EXERCISE AIM » Please repeat each line below exactly, with no images in the copy.

DATA SEGMENT »

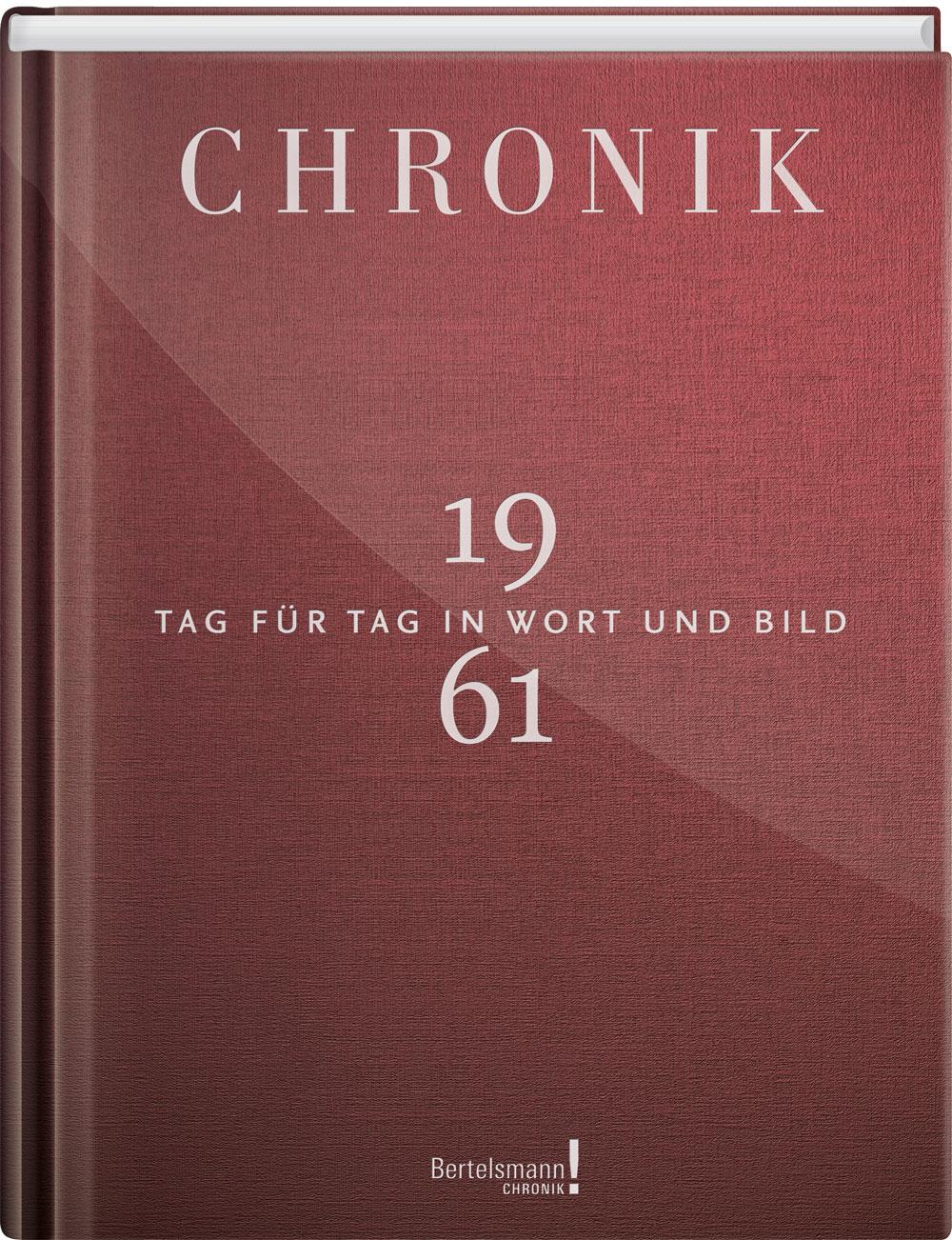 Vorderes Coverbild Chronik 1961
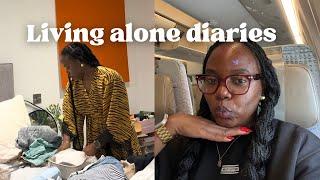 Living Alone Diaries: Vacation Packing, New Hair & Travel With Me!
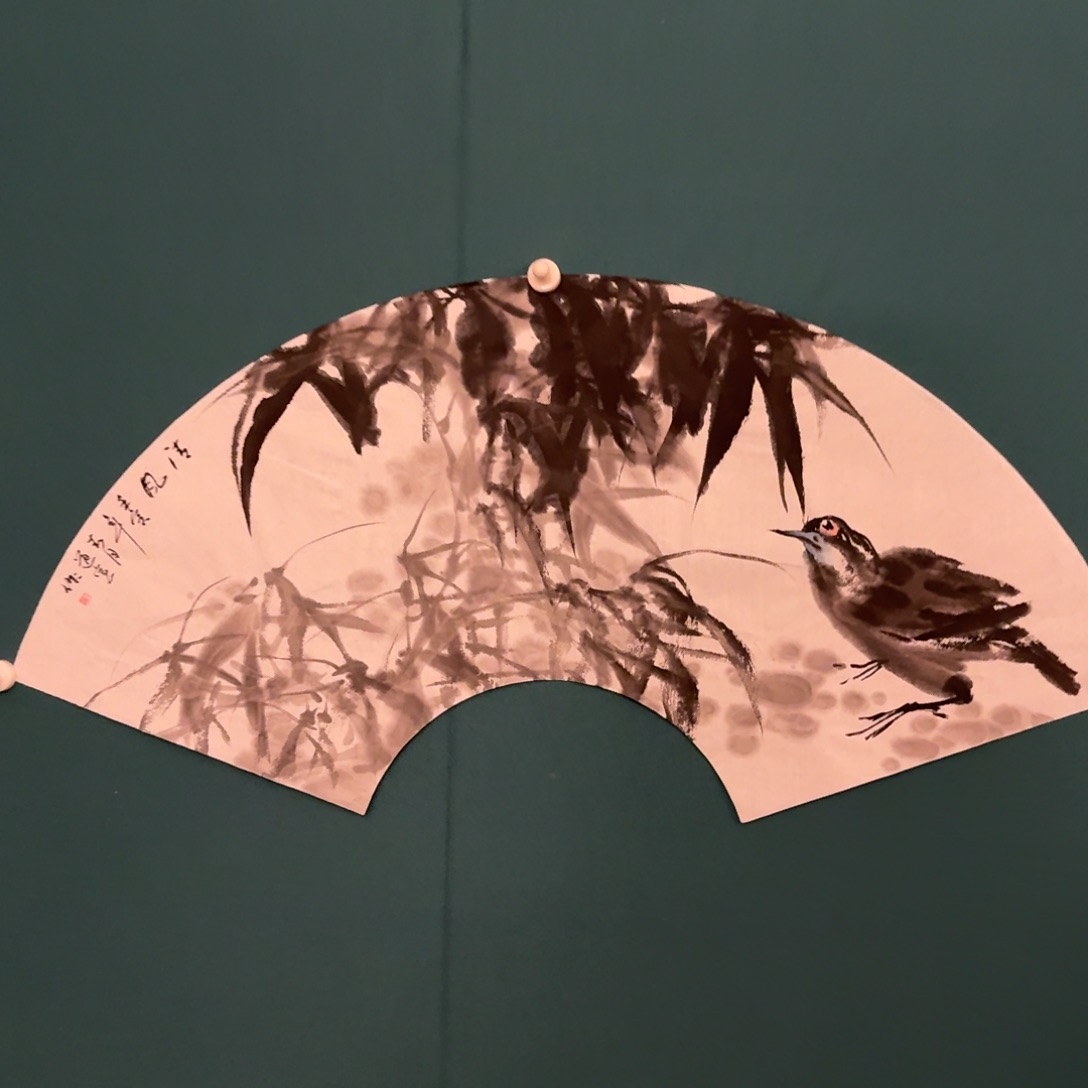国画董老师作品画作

OUTPUT BELOW »
 Vorderes Coverbild Chronik 1961
 Living Alone Diaries: Vacation Packing, New Hair & Travel With Me!
国画董老师作品画作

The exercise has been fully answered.